◆ About this task ◆
Beginning at the line containing "Syrian vs Paraguayan Vehicle Availability" in the material below and ending at the line containing "Arth Brahmi Capsules 60 – Bacopa monnieri", return each line exactly and add nothing.

◆ Dataset ◆
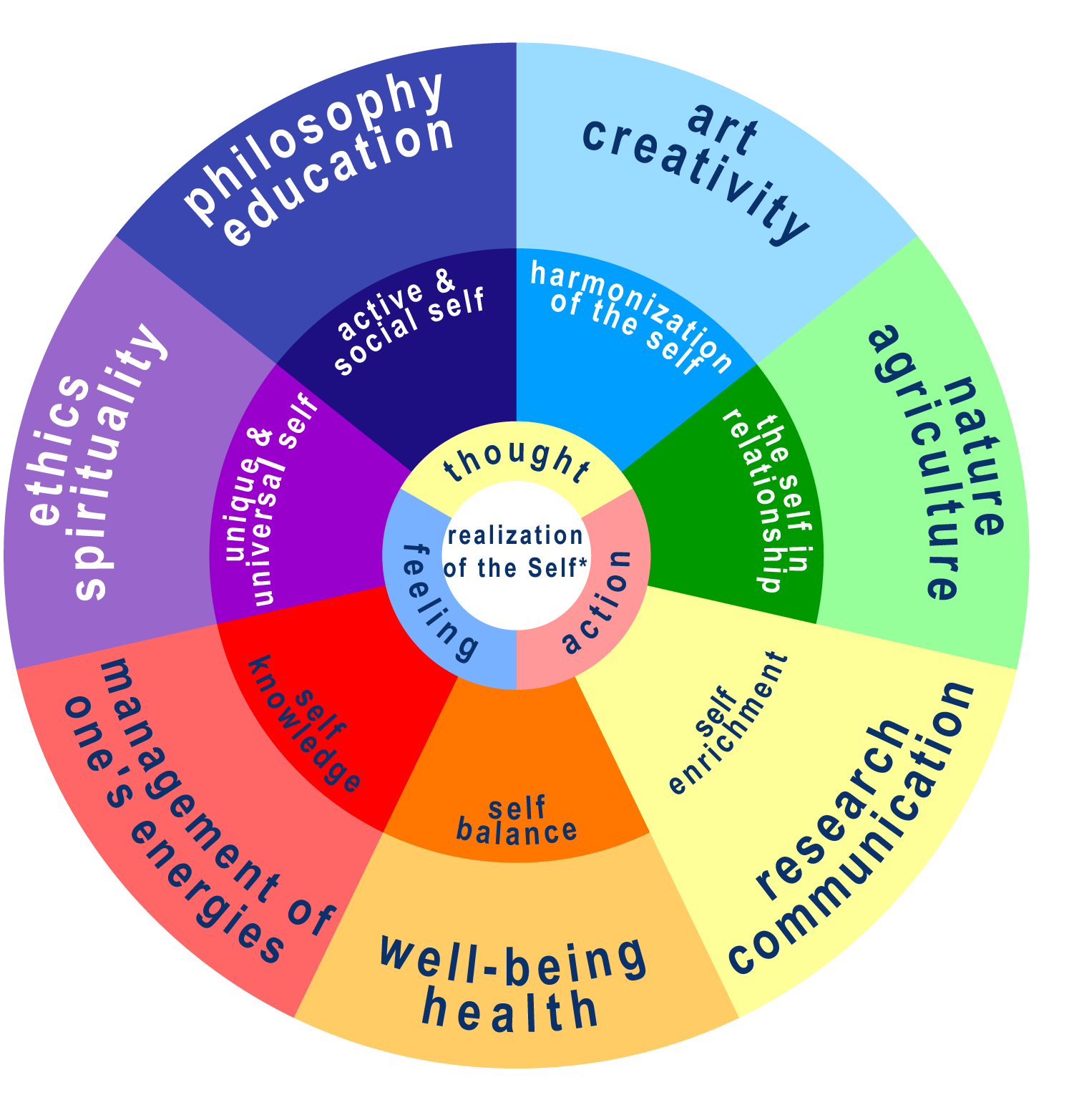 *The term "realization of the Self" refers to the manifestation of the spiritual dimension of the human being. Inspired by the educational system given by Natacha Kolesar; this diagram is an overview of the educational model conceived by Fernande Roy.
* * *
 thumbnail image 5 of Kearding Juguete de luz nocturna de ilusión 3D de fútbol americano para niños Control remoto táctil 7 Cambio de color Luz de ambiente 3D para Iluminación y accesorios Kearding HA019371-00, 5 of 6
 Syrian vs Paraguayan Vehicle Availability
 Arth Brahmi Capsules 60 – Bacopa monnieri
* * *
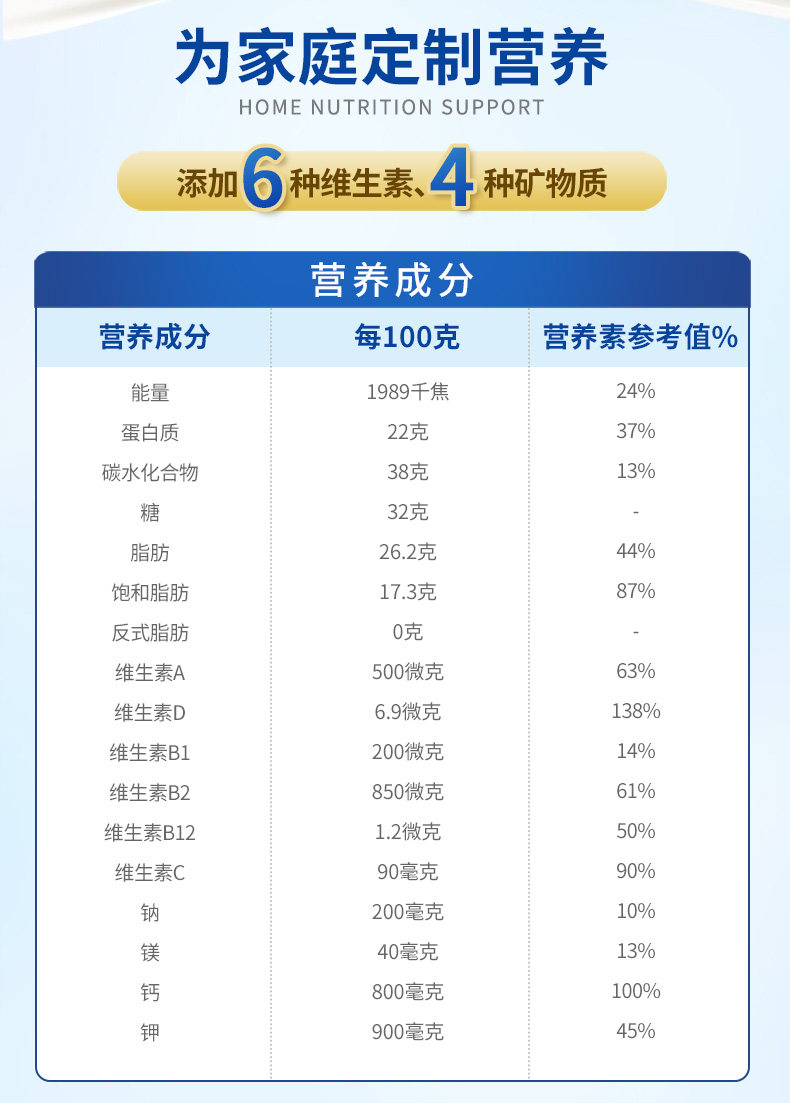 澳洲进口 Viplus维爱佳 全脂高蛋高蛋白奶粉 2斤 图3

◆ Your response ◆
 Syrian vs Paraguayan Vehicle Availability
 Arth Brahmi Capsules 60 – Bacopa monnieri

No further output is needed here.